I've heard good things about this company, LMK Technologies

http://performanceliner.com/


----------



## bizzybeeplumbin (Jul 19, 2011)

I second LMK and they aren't nearly as expensive as Permaliner and they have some nice benefits over permaliner as far as end result making the product better.

If your interested I can put you in touch with one of my facebook buddies who is actually now a sales rep, he used to own a plumbing company and owned a nice permaliner 5th wheel, then sold that set up and owned LMK until he started working with them. That's some proof about how good their product is if you ask me.


----------



## drs (Jun 17, 2011)

We line pipe. We put our own unit's together.

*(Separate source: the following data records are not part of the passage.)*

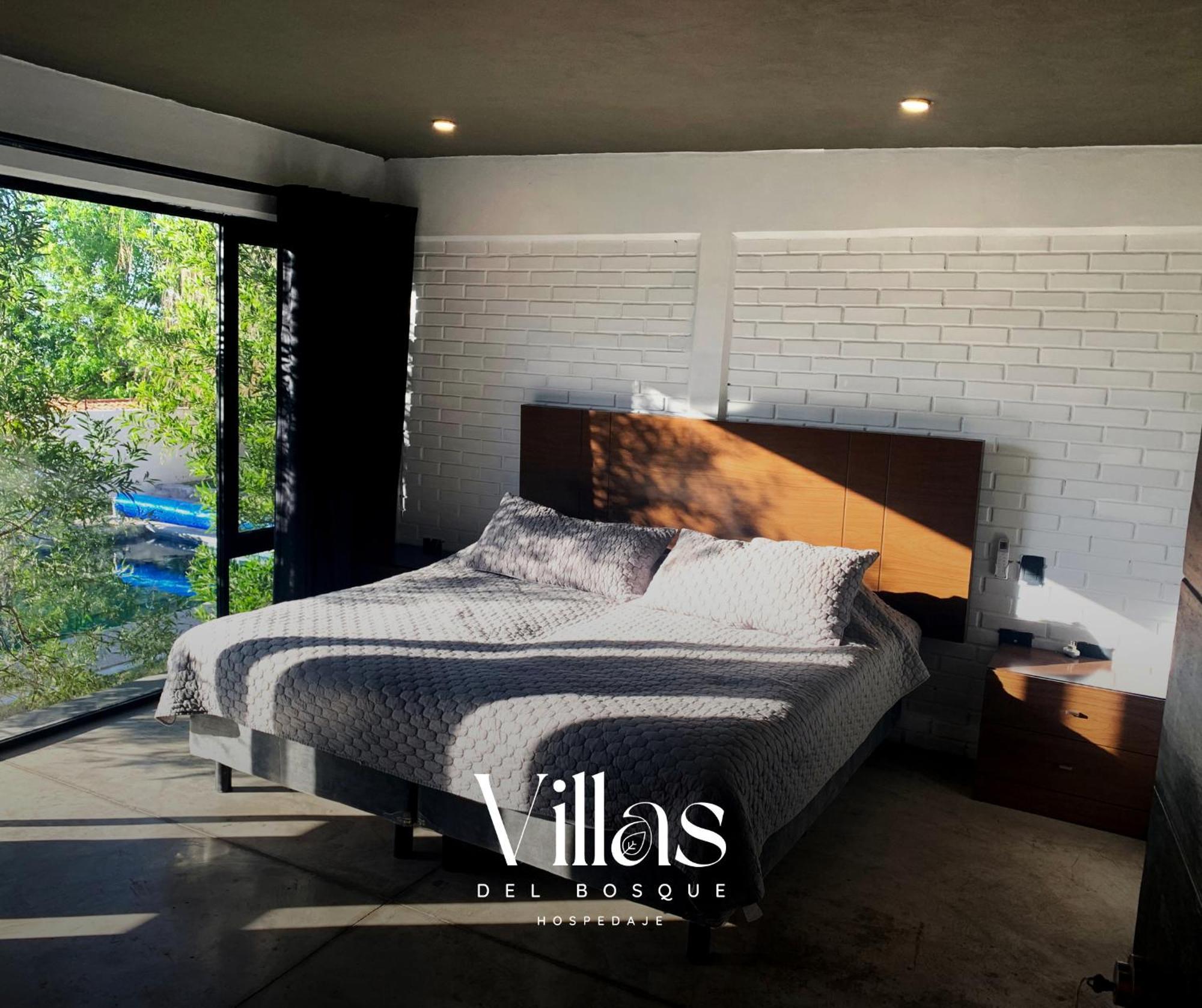 Villas Del Bosque El Pueblito (Queretaro) Exterior foto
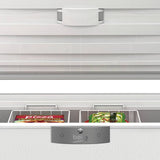 Beko Beko HSM22340 wit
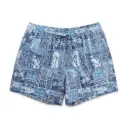 AFTCO Strike Swim Shorts Print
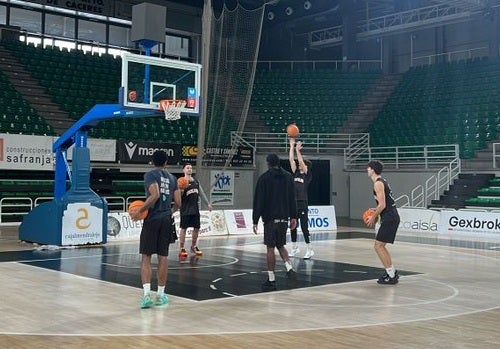 Última bala para el Círculo Gijón Última bala para el Círculo Gijón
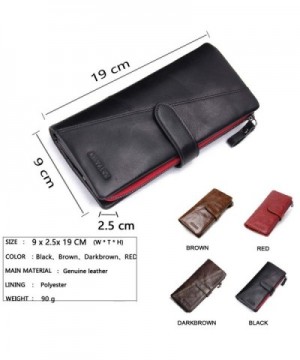 Brand Original Men Wallets & Cases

spot repair is mostly what we do because of alot of the budgets and other work that goes around the repair.


----------



## sierra2000 (Sep 19, 2011)

drs said:


> We line pipe. We put our own unit's together.
> 
> spot repair is mostly what we do because of alot of the budgets and other work that goes around the repair.


We do lining also. Curious to know how you built your own unit. You have any pictures of it?


----------



## torontoplumber (Apr 17, 2012)

We are using spot repair from NU Flow on pushing rods. It works fine.
http://www.absolutedp.com


----------



## Cuda (Mar 16, 2009)

For patches we use the Pipe patch, (doing 2 tomorrow) They are a bit high for the parts buy hey almost everything in this business costs bucks. The pipe patch is a well thought out system that just plain works. They have ongoing development for small line patches and bends so they are not resting on the current stuff.


----------